*Collected data*.

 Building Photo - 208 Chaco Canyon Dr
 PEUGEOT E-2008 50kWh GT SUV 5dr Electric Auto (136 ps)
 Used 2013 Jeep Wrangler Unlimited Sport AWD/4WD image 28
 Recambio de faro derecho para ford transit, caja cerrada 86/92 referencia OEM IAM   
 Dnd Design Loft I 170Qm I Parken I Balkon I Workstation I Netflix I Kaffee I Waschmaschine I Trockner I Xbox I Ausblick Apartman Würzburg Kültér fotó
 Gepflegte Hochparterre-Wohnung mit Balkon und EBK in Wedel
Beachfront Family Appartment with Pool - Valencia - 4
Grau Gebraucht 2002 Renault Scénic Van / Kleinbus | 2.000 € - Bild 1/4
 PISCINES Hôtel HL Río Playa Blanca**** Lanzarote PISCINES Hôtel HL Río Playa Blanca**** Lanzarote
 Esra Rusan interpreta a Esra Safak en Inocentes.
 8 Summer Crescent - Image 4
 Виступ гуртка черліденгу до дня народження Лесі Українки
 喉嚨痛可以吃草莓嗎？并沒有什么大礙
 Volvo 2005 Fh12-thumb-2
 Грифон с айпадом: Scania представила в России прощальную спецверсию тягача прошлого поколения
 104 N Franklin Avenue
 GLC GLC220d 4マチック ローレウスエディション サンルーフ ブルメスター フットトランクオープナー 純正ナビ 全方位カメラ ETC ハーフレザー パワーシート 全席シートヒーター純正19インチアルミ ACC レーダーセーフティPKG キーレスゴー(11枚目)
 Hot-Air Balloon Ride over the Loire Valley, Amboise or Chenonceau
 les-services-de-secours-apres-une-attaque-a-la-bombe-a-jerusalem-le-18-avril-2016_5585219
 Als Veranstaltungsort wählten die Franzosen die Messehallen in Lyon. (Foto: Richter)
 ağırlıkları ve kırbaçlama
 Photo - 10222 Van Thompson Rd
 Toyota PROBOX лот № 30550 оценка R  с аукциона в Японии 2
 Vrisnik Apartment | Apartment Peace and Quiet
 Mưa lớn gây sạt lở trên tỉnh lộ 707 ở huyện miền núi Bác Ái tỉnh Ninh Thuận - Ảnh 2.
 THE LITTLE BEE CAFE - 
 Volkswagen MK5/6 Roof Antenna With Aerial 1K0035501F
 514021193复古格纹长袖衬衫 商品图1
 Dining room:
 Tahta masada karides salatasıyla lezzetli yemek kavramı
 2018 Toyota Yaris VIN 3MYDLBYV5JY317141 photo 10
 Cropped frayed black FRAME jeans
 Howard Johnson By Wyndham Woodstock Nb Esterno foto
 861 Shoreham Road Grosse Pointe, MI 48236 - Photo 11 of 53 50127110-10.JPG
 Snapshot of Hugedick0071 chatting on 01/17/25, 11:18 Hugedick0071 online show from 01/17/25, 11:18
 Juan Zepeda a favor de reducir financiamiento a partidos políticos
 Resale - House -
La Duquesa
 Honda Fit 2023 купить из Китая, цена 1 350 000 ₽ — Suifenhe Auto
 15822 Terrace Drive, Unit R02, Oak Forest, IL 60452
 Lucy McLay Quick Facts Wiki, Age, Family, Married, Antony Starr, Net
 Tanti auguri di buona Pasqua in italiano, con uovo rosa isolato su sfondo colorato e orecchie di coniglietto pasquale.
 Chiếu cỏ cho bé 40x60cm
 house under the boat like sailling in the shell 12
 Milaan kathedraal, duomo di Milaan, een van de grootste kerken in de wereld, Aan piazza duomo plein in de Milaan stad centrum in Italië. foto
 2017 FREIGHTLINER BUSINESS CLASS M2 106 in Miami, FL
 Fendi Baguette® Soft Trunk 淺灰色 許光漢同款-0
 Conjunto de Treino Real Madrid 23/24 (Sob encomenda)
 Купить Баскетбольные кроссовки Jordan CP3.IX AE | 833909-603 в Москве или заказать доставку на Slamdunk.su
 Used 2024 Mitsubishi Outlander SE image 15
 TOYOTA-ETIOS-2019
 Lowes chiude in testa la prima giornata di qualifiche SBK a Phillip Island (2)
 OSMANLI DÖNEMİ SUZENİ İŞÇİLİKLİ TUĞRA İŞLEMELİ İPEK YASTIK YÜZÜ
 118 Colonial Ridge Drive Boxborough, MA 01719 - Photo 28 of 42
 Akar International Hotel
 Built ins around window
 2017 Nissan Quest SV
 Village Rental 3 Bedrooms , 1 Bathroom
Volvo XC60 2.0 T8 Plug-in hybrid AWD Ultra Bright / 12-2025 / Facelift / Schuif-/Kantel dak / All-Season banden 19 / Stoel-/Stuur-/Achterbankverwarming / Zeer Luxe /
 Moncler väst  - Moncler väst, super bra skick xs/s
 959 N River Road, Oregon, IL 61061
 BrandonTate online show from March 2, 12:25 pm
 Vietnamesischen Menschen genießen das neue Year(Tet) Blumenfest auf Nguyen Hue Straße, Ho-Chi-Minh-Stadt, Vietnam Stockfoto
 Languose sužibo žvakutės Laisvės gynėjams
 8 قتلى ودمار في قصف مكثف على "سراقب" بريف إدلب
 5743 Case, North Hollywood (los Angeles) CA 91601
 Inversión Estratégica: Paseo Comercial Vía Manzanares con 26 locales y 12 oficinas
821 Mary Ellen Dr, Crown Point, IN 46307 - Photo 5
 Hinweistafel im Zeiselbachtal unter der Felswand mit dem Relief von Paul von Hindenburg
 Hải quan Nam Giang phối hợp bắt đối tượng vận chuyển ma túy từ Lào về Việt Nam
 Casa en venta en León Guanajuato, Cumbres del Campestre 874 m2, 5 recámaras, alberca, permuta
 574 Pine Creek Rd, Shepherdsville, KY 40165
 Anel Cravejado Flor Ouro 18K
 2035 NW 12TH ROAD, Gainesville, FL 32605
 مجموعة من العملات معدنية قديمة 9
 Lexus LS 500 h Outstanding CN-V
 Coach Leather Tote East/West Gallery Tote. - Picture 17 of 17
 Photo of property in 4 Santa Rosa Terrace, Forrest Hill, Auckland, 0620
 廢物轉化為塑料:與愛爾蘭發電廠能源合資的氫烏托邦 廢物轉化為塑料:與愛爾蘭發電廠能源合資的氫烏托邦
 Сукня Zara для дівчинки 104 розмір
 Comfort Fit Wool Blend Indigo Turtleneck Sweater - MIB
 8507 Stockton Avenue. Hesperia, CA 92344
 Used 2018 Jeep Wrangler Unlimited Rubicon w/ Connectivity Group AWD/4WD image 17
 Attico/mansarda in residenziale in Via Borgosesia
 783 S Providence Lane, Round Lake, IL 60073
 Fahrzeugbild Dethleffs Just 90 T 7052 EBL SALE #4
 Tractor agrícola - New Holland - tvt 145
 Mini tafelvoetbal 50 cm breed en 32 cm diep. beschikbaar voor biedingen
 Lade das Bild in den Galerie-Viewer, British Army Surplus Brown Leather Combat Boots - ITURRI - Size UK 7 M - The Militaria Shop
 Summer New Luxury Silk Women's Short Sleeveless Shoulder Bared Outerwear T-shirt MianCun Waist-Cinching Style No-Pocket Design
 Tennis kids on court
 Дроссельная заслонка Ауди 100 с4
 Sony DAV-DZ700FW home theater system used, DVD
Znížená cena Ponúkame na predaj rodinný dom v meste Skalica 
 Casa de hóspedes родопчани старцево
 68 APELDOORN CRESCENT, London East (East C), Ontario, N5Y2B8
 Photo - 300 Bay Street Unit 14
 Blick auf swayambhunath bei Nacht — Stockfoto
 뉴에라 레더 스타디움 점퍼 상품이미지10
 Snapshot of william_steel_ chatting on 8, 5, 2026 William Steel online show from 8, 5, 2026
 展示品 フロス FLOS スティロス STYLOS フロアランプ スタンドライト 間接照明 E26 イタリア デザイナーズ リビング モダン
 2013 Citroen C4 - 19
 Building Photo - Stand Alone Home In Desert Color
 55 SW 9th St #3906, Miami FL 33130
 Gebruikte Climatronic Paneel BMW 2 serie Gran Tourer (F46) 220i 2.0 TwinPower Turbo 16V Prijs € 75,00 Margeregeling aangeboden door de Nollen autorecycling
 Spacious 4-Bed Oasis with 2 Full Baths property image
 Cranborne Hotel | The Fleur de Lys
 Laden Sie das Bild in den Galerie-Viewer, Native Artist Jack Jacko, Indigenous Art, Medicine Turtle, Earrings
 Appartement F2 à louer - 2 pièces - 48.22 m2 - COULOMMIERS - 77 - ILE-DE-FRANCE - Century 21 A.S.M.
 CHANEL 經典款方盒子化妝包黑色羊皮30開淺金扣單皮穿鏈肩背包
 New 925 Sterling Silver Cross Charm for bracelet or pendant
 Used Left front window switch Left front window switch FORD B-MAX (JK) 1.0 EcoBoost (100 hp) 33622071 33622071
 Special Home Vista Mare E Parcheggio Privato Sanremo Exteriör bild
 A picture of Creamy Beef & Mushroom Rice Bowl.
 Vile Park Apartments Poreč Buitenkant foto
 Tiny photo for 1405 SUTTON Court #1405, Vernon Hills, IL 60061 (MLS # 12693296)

*TASK BRIEF*.
Only the lines that hold the word "online" are wanted; each should be pulled from the records.

*TASK SOLUTION*.
 Snapshot of Hugedick0071 chatting on 01/17/25, 11:18 Hugedick0071 online show from 01/17/25, 11:18
 BrandonTate online show from March 2, 12:25 pm
 Snapshot of william_steel_ chatting on 8, 5, 2026 William Steel online show from 8, 5, 2026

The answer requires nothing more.